▸ HOW TO COMPLETE THIS TASK: Leaving the pictures aside, transcribe the data below exactly.

[[ DATA EXTRACT open ]]

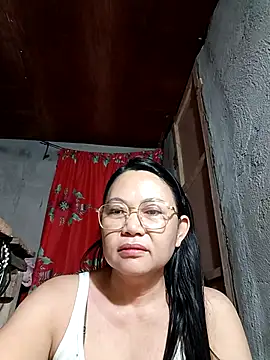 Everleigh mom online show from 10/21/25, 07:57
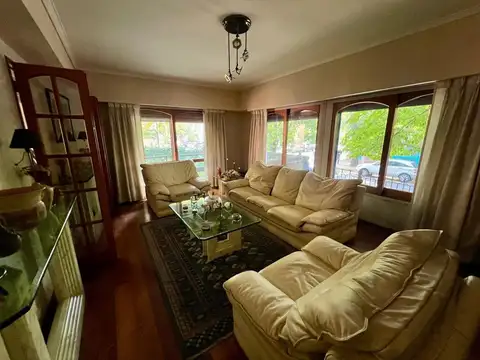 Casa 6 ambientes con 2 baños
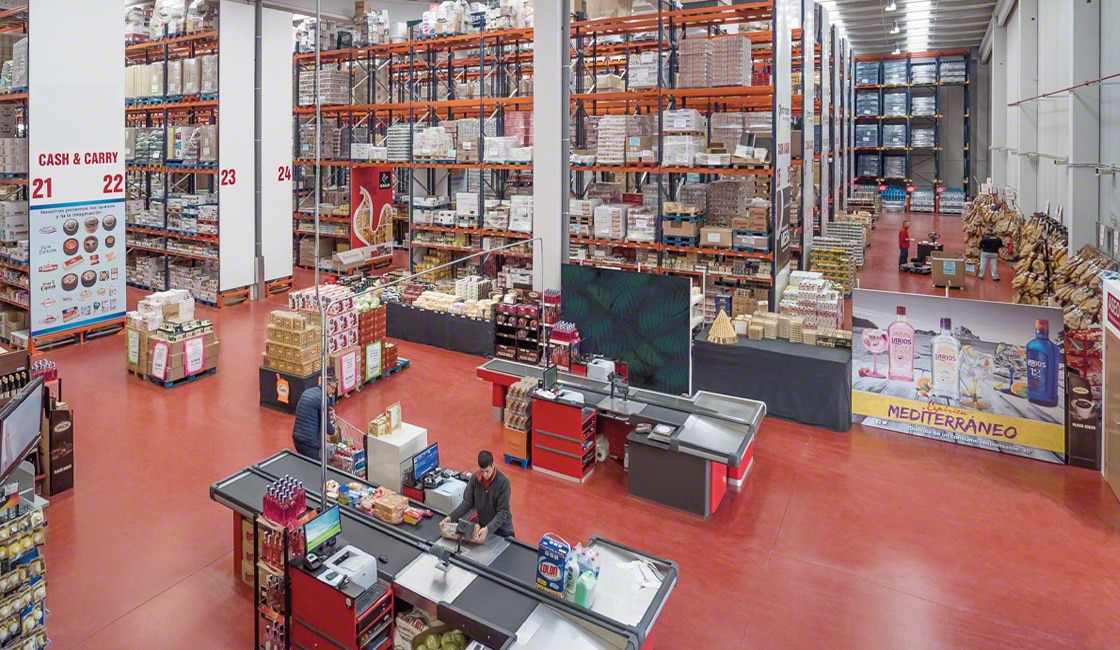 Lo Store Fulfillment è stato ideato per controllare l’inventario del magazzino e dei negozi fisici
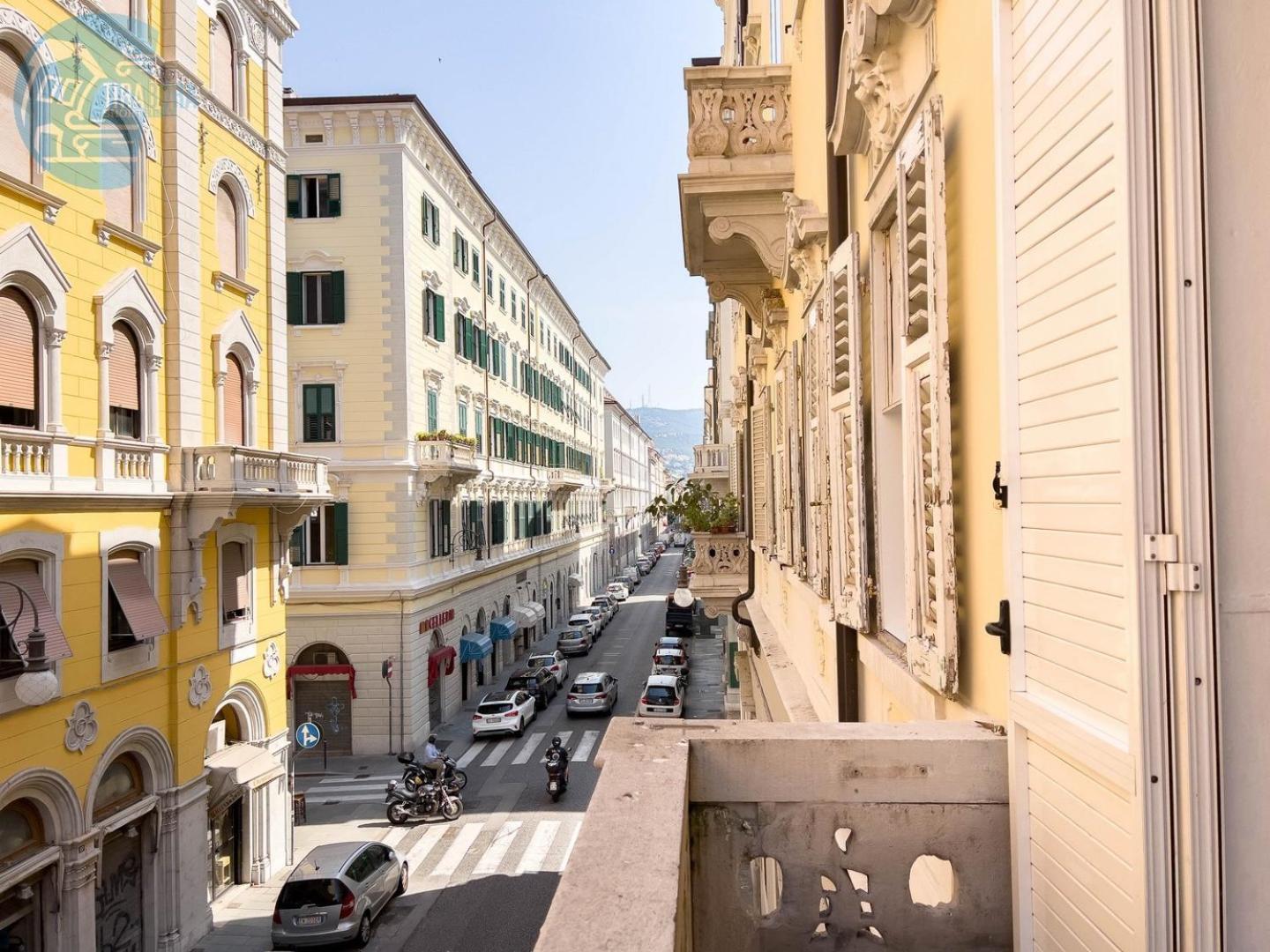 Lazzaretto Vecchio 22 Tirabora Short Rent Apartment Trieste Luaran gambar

[[ DATA EXTRACT closed ]]

▸ SOLVED PROBLEM:
 Everleigh mom online show from 10/21/25, 07:57
 Casa 6 ambientes con 2 baños
 Lo Store Fulfillment è stato ideato per controllare l’inventario del magazzino e dei negozi fisici
 Lazzaretto Vecchio 22 Tirabora Short Rent Apartment Trieste Luaran gambar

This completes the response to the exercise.